= Parkas =

Canadian pop music band

Parkas was a Canadian pop music band based in London, Ontario and later Toronto. Members were drummer Greg Rhyno, bassist/keyboard player Mark Rhyno, and guitarists Michael Brown and Paul Thompson.

==History==

Parkas was formed in 2000 in London, where three of its members had moved from the Huntsville area to attend the University of Western Ontario. They began performing locally and then around Canada, including at the Halifax Pop Explosion in 2002.

The band began recording at the House of Miracles studio, and released an album Now this is Fighting in 2003 on the Endearing Records label to mixed reviews. The album appeared on the !earshot National Top 50 in September 2003.

The Parkas performed at Toronto's NXNE Festival in 2003 and 2004, and at SXSW in Texas in 2005.

In 2007, by which time the band was based in Toronto, Parkas released a second album, Put Your Head in the Lion's Mouth. The album received airplay on community and campus radio.

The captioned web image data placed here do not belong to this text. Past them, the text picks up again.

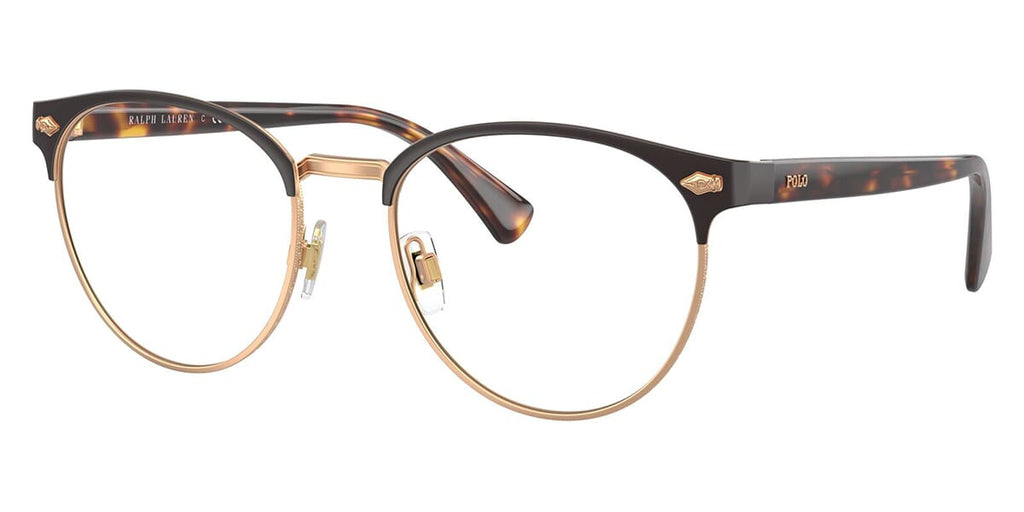 Polo Ralph Lauren PH1226 9265 Glasses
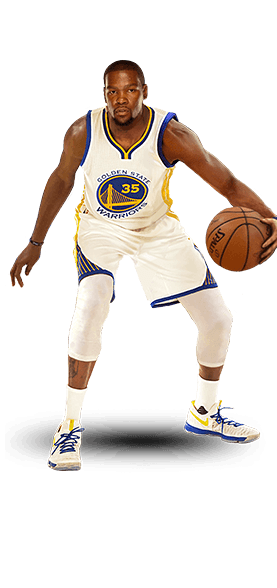 鲁媒：彭啸脚踝韧带损伤，预计要先恢复两周再进行下一步治疗（山东媒体：彭啸脚踝韧带受伤，预计休养两周后再进行后续治疗）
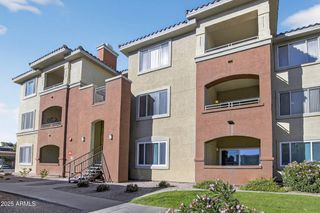 5401 E VAN BUREN Street 2022, Phoenix, AZ 85008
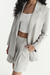 Blazer over kate - IMAN OFFICIAL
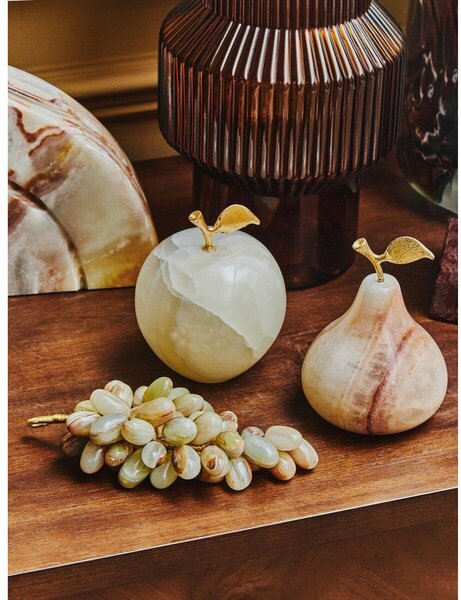 Каменна статуя (височина 13 cm) Oleena – Premier Housewares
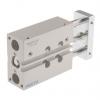 DFM-12-40-P-A-KF Festo Dvojčinný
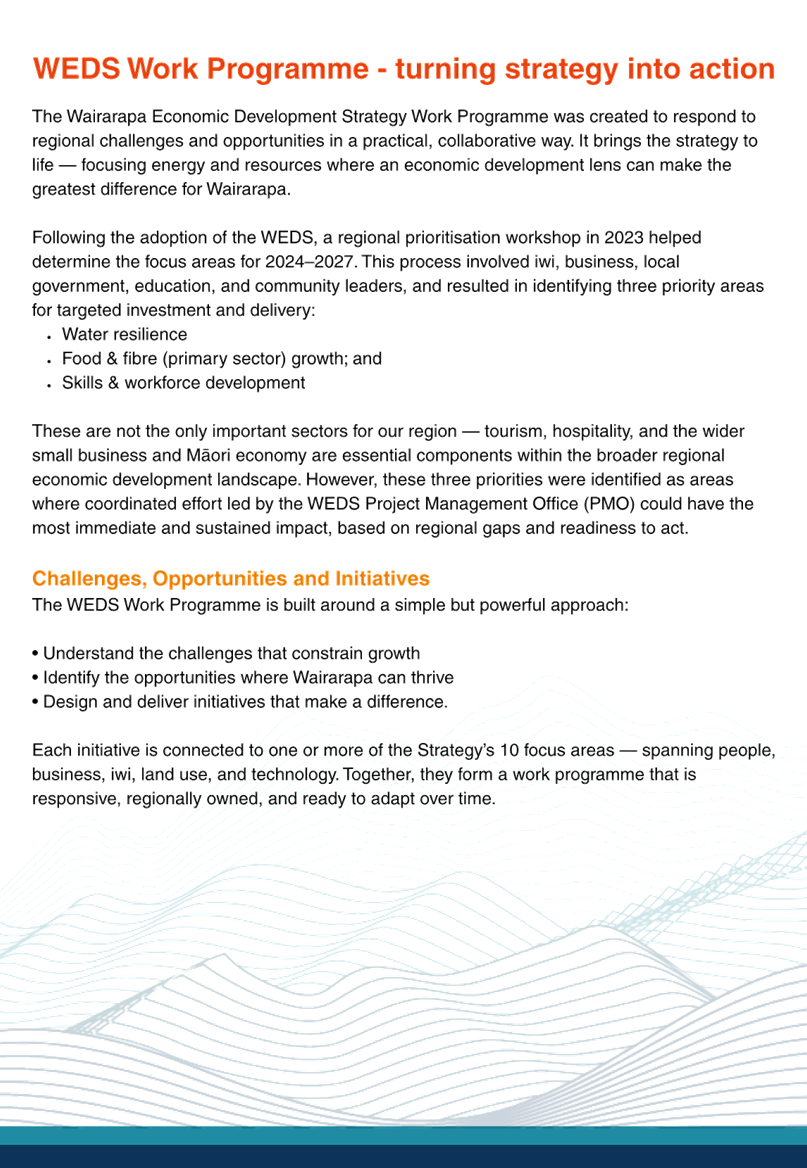 A screenshot of a document

AI-generated content may be incorrect.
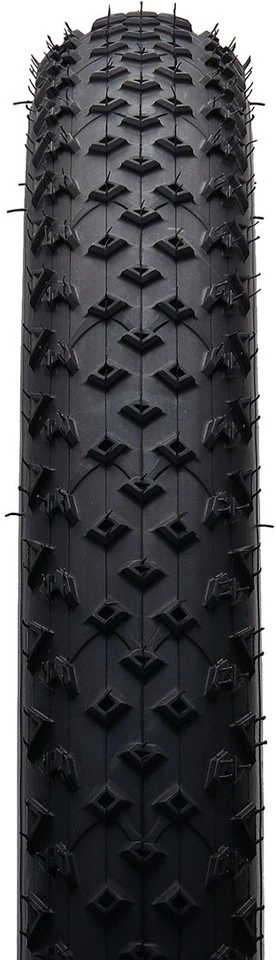 Michelin Pilot Slope 26" Faltreifen 6 Michelin Pilot Slope 26" Faltreifen – Bild 4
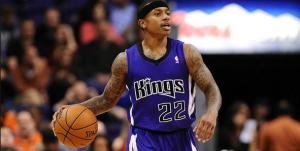 牙老将逐渐 牙老将逐渐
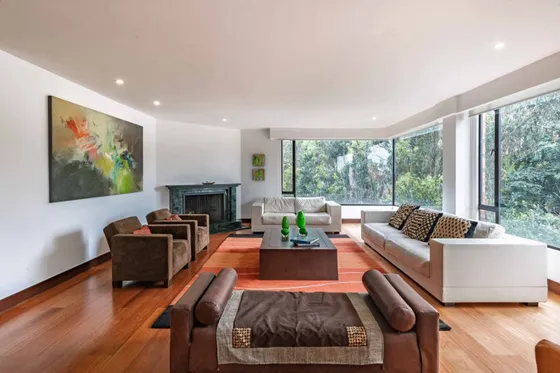 Apartamento En Arriendo/venta En Bellavista. Cod A23773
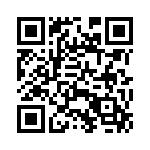 ADR421AR QRCode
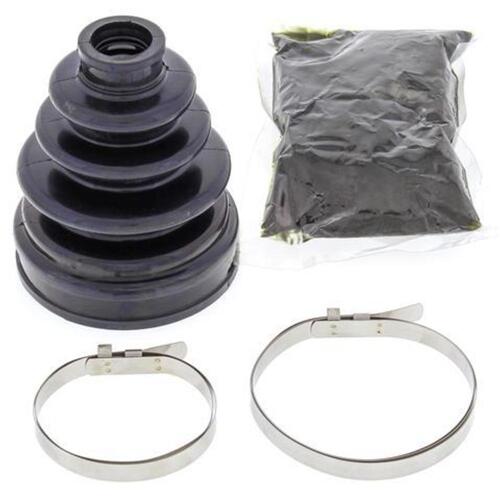 CV Boot Repair Kit Front Inner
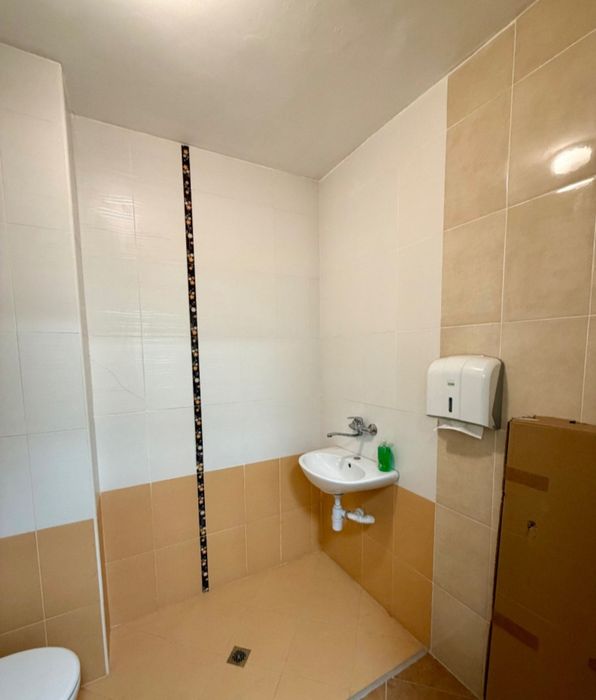 Дава се под наем Офис в София, Белите брези - 32 кв.м за 498.27 € - Снимка #2
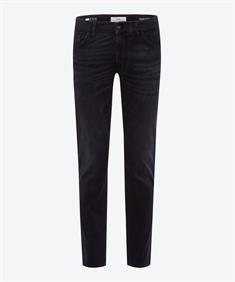 Style Chuck black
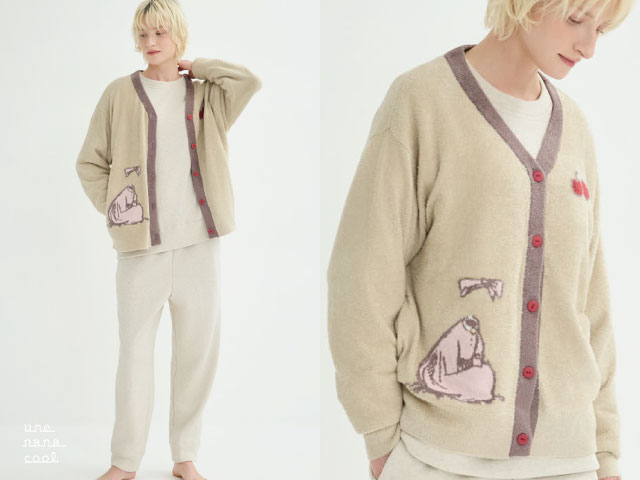 moominnews_20260903_unenanacool_3.jpg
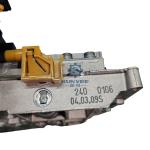 722.6 Valve Body Assembly Hydraulic Control Unit For 2003-2013 Mercedes Benz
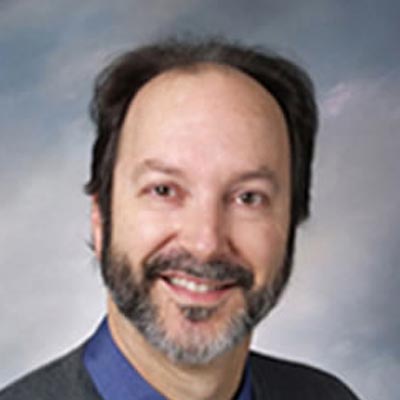 Dr. Steven Tilles, MD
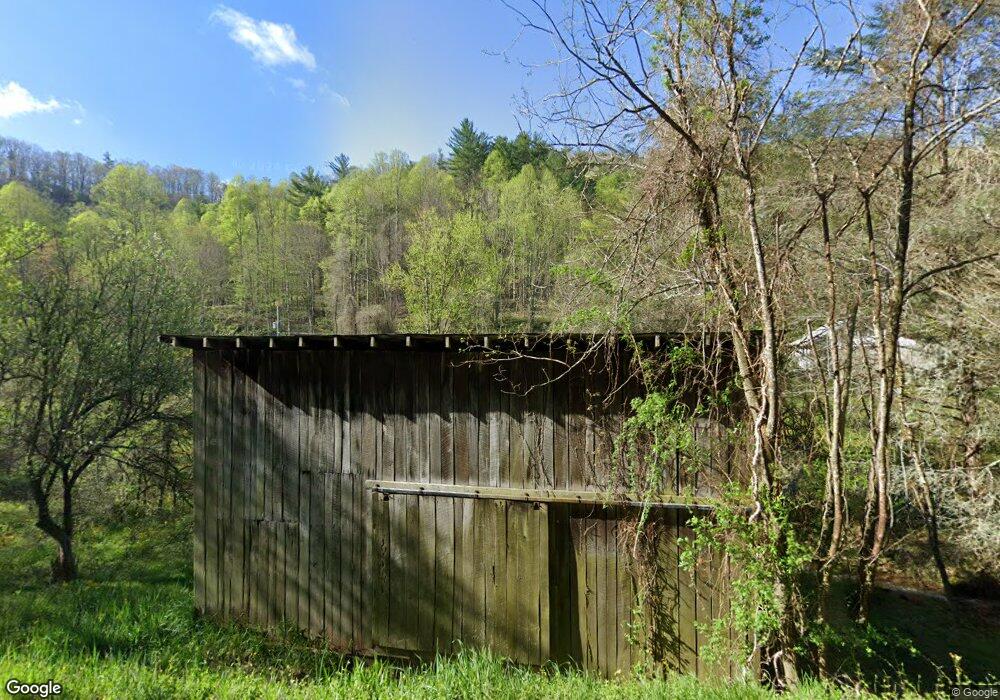 57 Autumn Leaf Trail, Burnsville, NC 28714 - photo 1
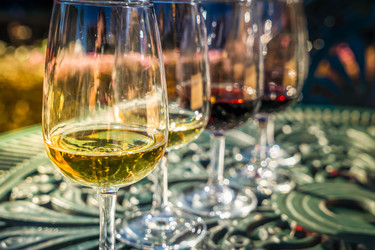 Similar image 22354441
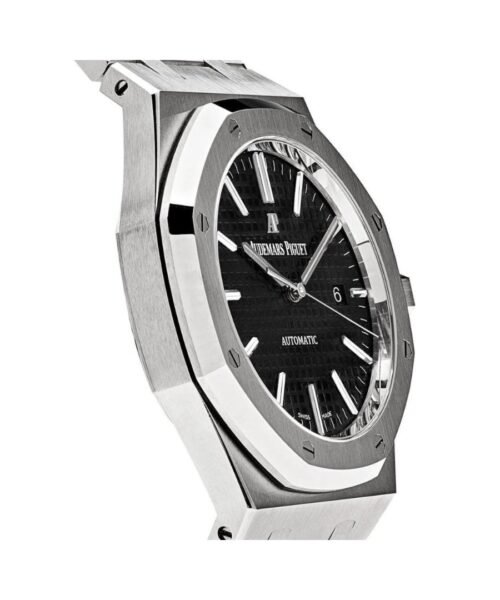 Alternative view of Audemars Piguet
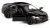 xK-150_o-me.jpg.pagespeed.ic.JhU0yWkag8.jpg.webp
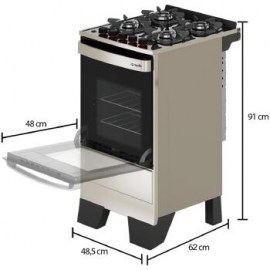 e4f8674b516b1299a6fe664939379482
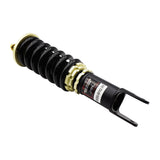 BLOX Racing Drag Pro Series Coilover - REAR ONLY (RR: 18kg) BLOX Racing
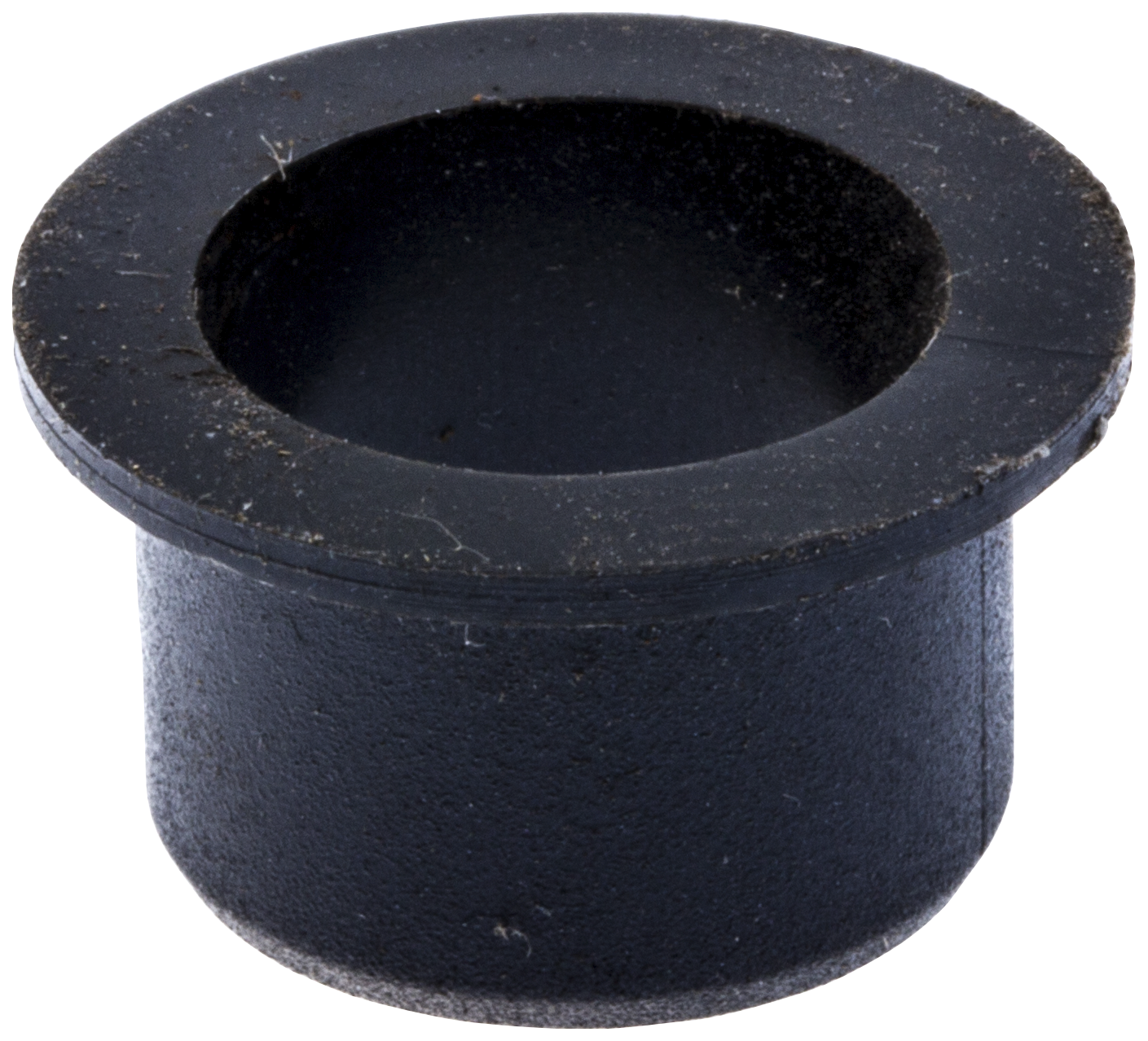 HUSQVARNA BEARING - 516882900 / 516 88 29-00
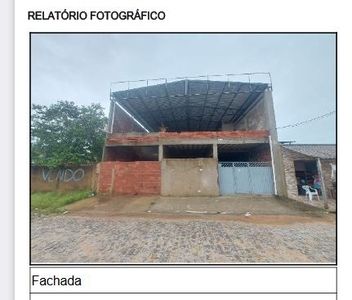 Terreno em Parque Penha, Campos dos Goytacazes/RJ de 360m² 1 quartos à venda por R$ 124.997,00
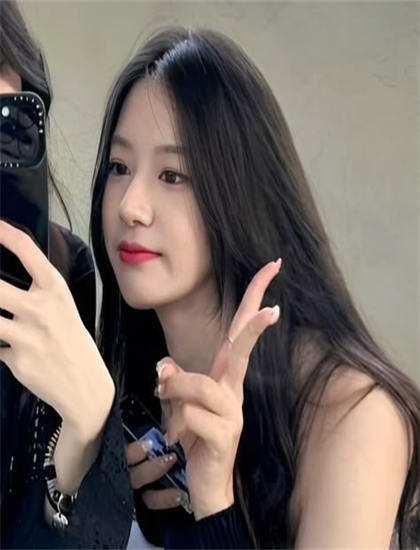 亚太在线无码内射观看_青春之城电视剧免费观看_欧美又黄又粗暴免费视频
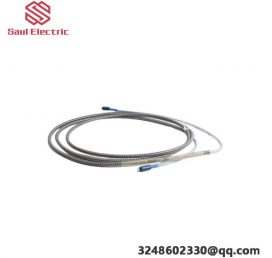 Bently Nevada 330130-030-01-CN Extension Cable
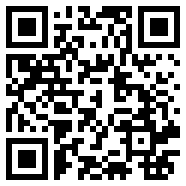 CarXStreet无限金币最新版-carxstreet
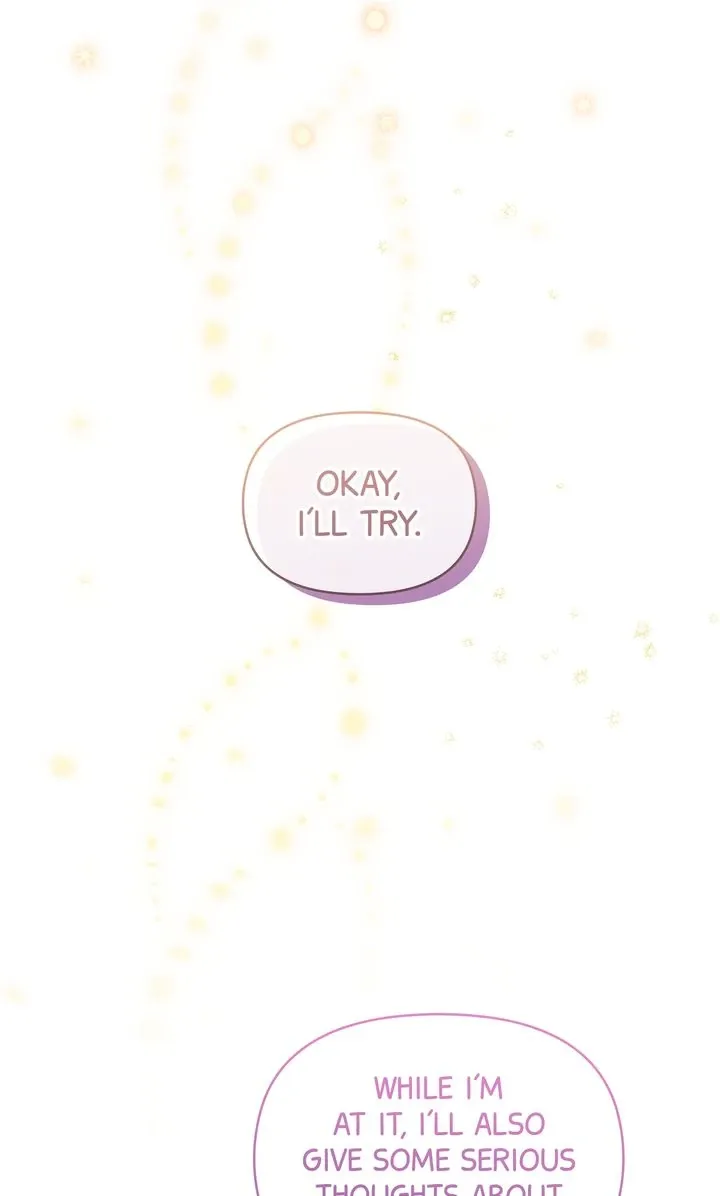 Romantic Pitch Chapter 36 Online - pƔgina 46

The Parkas released an album You Should Have Killed Us When You Had The Chance in 2009 on the Saved by Radio label, after the band had broken up. Singer Susanna Henderson performed with them on the recordings. This album as well was played on community and campus radio, appearing on the !earshot National Top 50 Chart in early 2010. In 2010, Parkas performed a reunion show at the El Macombo in Toronto.